Ainsi, ces derniers auront tout à la fois dû apporter des fonds à hauteur de 10 % du déficit, qui s’élevait à 5,4 milliards d’euros, et gérer les actifs toxiques concentrés au sein d’une bad bank, une structure de défaisance. Restera à vérifier à terme que les actifs sains rachetés par l’État portugais pourront être valorisés à leur prix de rachat pour ne pas peser in fine sur le contribuable. Il aura ainsi été démontré que le principe de bail in ou renflouement interne est efficace.

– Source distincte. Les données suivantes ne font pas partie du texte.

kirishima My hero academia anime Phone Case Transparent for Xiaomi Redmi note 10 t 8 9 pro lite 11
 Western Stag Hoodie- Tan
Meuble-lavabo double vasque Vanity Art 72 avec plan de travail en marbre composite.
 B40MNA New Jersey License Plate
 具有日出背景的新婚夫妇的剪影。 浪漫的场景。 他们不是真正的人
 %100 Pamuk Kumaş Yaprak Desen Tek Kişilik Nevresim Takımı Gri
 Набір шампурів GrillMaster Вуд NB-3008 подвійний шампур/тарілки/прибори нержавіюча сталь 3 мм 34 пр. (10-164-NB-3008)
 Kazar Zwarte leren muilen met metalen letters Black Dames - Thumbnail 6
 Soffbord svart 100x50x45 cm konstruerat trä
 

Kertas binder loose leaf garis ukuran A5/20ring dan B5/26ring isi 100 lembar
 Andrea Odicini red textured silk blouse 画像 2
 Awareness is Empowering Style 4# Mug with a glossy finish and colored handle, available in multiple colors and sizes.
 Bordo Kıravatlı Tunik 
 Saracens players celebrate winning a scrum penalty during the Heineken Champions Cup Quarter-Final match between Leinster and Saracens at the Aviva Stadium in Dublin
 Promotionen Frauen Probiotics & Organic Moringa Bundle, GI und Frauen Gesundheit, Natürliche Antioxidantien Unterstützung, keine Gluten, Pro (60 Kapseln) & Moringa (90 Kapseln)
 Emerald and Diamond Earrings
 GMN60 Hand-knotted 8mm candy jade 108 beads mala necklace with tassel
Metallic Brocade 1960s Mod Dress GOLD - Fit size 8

En commission, le rapporteur et un certain nombre de collègues se sont émus, à l’instar de Mme Lagarde à l’instant, du montant important de la contribution des banques française au fond de résolution. Il faut admettre que ce montant résulte de la spécificité de notre pays, qui concentre quatre banques de taille systémique – les actifs de chacune d’elles équivalent à peu près au PIB de notre pays –, lesquelles sont précisément responsables de la vulnérabilité du système financier. Il existe un bon moyen de réduire cette contribution : il suffirait de réduire la taille des banques. Pour autant, nous pouvons imaginer des ajustements, tels que la déduction de ce montant de la taxe pour risque systémique versée par les banques à l’État français.

En outre, nous pouvons particulièrement nous réjouir de la transposition des dispositions actant la transparence de l’utilisation des revenus issus des activités extractives, projet par projet et pays par pays. Dans ce domaine également, comme avec la loi bancaire, la France a été pionnière pour aller vers plus de transparence. L’obligation de transparence des activités bancaires pays par pays a fixé un standard non seulement pour les autres pays à l’échelle européenne, mais aussi pour les autres activités.

Nous avons donc la responsabilité de vérifier la portée effective de cette directive pour lutter contre la corruption, donc de nous assurer que la transparence est réelle, efficace, qu’elle permet d’éviter les contournements ou les ultimes dissimulations.

C’est la raison pour laquelle le groupe écologiste a déposé un certain nombre d’amendements sur ce thème inspirés, disons-le, par des associations fort respectables comme Oxfam ou le CCFD-Terre solidaire. Ce n’est pas le fétichisme des chiffres qui nous a poussés à le faire. C’est peut-être une obsession, mais qui ne fait pas preuve d’acharnement dans ce domaine peut renoncer à tout progrès. Ce que nous voulons, c’est l’efficacité, et c’est pourquoi nous voulons connaître en détail les activités des entreprises ou des banques. Nous agirons sans relâche en faveur de la transparence pour lutter contre l’évasion fiscale et la corruption.

Assurer une transparence efficace est tout à fait à notre portée. Nous devons tout d’abord nous assurer que les informations seront communiquées de manière gratuite et sous un format exploitable sur le site internet de l’entreprise. Il nous revient ensuite de légiférer sur la nature des données que devront diffuser les entreprises. Pour en avoir longuement discuté lors de la loi bancaire – vous vous en souvenez sans doute, chers collègues –, nous savons que cette question est très importante. Il est donc normal qu’il revienne à la représentation nationale de fixer les données qu’il nous est nécessaire de connaître. Enfin, les sanctions auxquelles seront soumises les entreprises récalcitrantes devront être réellement dissuasives, comme c’est le cas en Allemagne ou en Angleterre.

Une fois encore, c’est bien entendu la question de la concurrence qui pourrait compromettre notre objectif. Posons donc le problème. Au niveau européen, tout d’abord, le principe de publication étant inscrit dans la directive, chacun des pays de l’Union européenne le mettra en oeuvre. Tous les États membres seront donc soumis aux mêmes obligations. Quant à la question des pays hors Union européenne, qui a été débattue au sein de la Commission et du Parlement, elle n’a pas empêché l’adoption de la directive. Il nous revient donc de l’appliquer, et nous n’avons plus à en discuter.